Joe Mulholland, the director of Magill Summer School, purchased the derelict Laurels cottage in Glenties and intends to restore it to its former glory. He will be working with Francis Brennan, a Glenties estate agent and long-time admirer of Friel’s work, on the project and the establishment of the Brian Friel Trust.

IrishNews.com reports that work to restore the cottage is planned to begin in the spring. The funds to purchase the cottage was provided by an anonymous donor.
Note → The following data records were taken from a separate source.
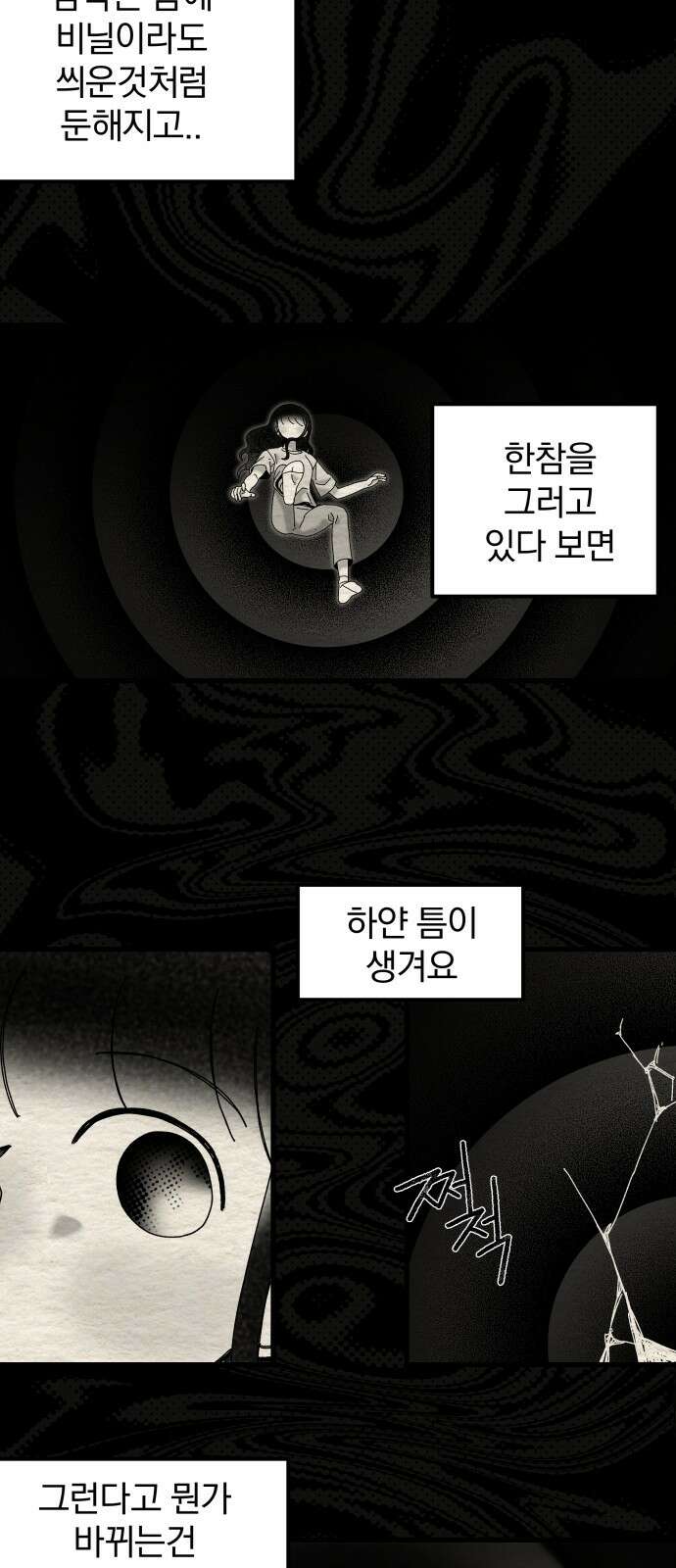 나는 참지 못한다 29화 17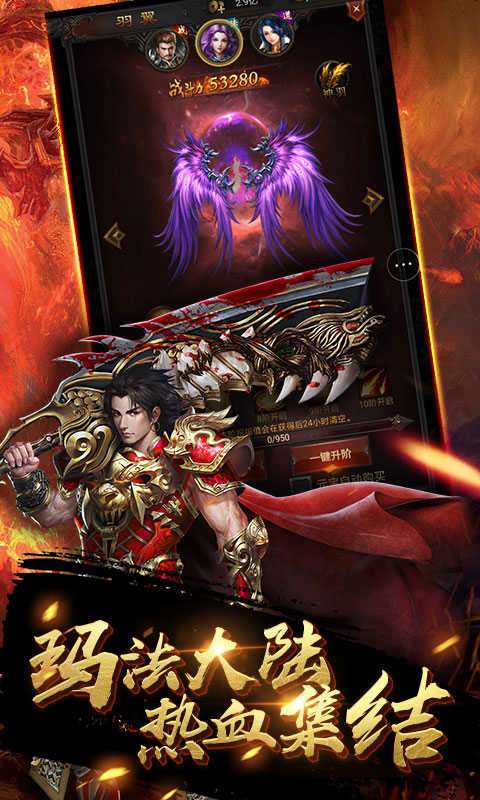 神灵大陆无限抽图2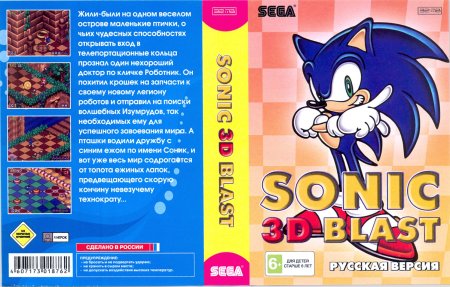 Соник 3Д Бласт (Sonic 3D Blast) Русская Версия (16 bit) 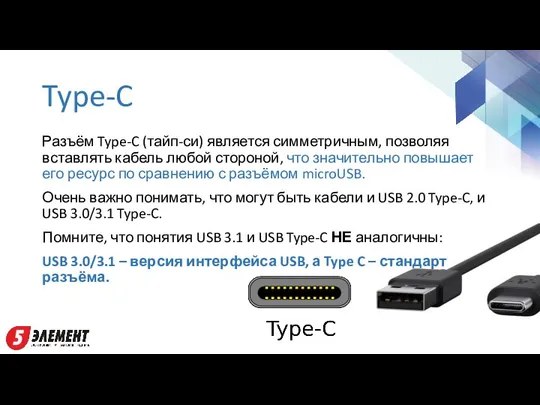 Type-C Разъём Type-C (тайп-си) является симметричным, позволяя вставлять кабель любой стороной,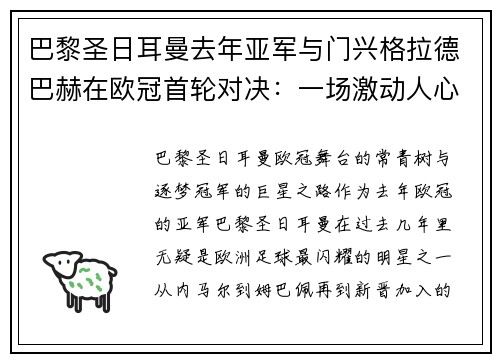 巴黎圣日耳曼去年亚军与门兴格拉德巴赫在欧冠首轮对决：一场激动人心的碰撞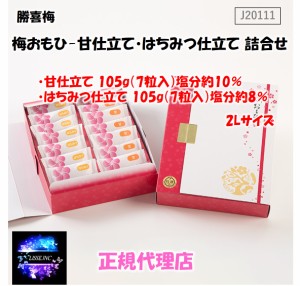 梅おもひ 甘仕立て+はちみつ仕立て詰め合わせ 14包（ 7包+ 7包）Umeomoi J20111 塩分8％/10％ お中元 お歳暮 ギフト 贈り物 勝喜梅 産地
► VIDEO: The cottage that inspired 'Dancing at Lughnasa' by Brian Friel is to be restored https://t.co/zDJTzco2yV pic.twitter.com/grRI8FWTj5

— Irish Times Video (@irishtimesvideo) January 18, 2016
Brian Friel was born in Killyclogher, in County Tyrone, in 1929. His play Dancing at Lughnasa, which is set in Donegal in August 1936 in the fictional town of Ballybeg, is loosely based on the lives of Friel's mother and aunts who lived in Glenties.

In 1998, the play was adapted into a film starring Meryl Streep.

Friel passed away in October at the age of 86. Having grown up in Tyrone, Friel became a teacher, following in his father’s footsteps, after his education at St. Patrick’s College in Maynooth and St Joseph’s College in Belfast. Although he wrote throughout his life, it was in 1967 that he became a household name with “Philadelphia, Here I Come.” During his six decade career he completed 30 plays.